Experts say that many compensation committees do not even understand the size of these pay packages because they do not routinely ask their consultants for detailed lists of the various pay components.
''Sometimes I think the boards themselves are shocked at what they've done, the astronomical dollar levels they've paid out,'' Pat McGurn of Institutional Shareholder Services says. ''That's why we encourage companies to do exactly this scenario -- what would happen tomorrow if you triggered the C.E.O. payout? Shareholders should force directors to sit down and have that 'holy cow' conversation.''
Does the Urge to Merge Ever Cease?
What may be most troubling about the lavish benefits and perquisites paid to executives is that they are doled out even as lower-level employees at the merging companies lose their jobs. ''One of the sine qua nons of a merger is that there is going to be some condensing of the operations,'' John Challenger, C.E.O. of Challenger, Gray & Christmas, an outplacement firm in Chicago, told me. ''So job cuts are automatic.''
For most executives that do deals, it is necessary to eliminate jobs after combining the companies' operations in order to clear the performance hurdles that investors demand. For example, the promise of the Hewlett-Packard and Compaq merger in 2002 was annual savings of $2.5 billion in operating costs; the company says it wound up saving more than $3 billion (ahead of schedule too). But those savings resulted ultimately in the loss of 17,900 jobs.
According to Challenger's firm, merger activity accounted for the elimination of almost 77,000 jobs in the first quarter of 2005, or 27 percent of the total cuts that were announced. Merger-related cuts in the first quarter were 17 percent higher than they were in all of 2004. Industries registering the largest job losses so far this year are telecommunications, defense and consumer goods.
The disparity between the way top managers and their lower-level colleagues are treated in a merger has the potential to create a backlash. ''I worry about merger-related job cuts,'' Robert Bruner says. But he adds that workers who have lost their jobs because of mergers have so far been able to find other jobs.
Merger manias do, of course, fizzle out. As is true of so many parts of the economy, they are cyclical. ''Merger waves seem to come up every 20 or 30 years or so,'' Richard Sylla, professor of business history at the Stern School of Business at N.Y.U., says. ''The great merger wave from 1898 to 1902 was when U.S. Steel was created. In the 1920's there were a lot of public utilities merging, and then we had another wave in the 1960's, which was the conglomerate merger wave.'' The current one, which began in the early 1980's, is the fourth such American fever of the last century or so.
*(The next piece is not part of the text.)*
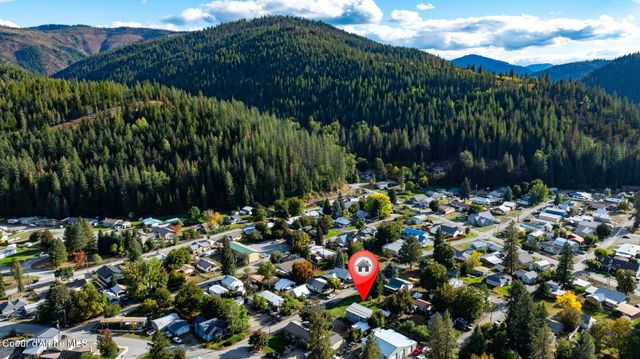 508 B St, Pinehurst, ID 83850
In the 1960's, a combination of rising interest rates and investors' realizing that conglomerates were not necessarily the recipe for business success undermined that mania. The junk-bond-fed boom in the late 1980's ended when Michael Milken, at Drexel Burnham Lambert, drew prosecutorial scrutiny to his control of that part of the bond market. And sometimes government puts a stop to mergers: in the early 1900's, the government cracked down on a big railroad merger, Sylla notes, and in the 1930's regulations curtailed the mergers of public-utility holding companies.
What might end today's fever? ''Rising interest rates and falling stock markets'' could curb mergers, Bruner says. ''And either self-regulatory systems of accounting and industry watchdogs as well as government regulators may challenge practices that have grown aggressive during the height of the boom.''
Till then, however, we can count on more mergers, more money paid to executives
and fewer jobs for everyone else.
Gretchen Morgenson is a reporter and business columnist for The Times.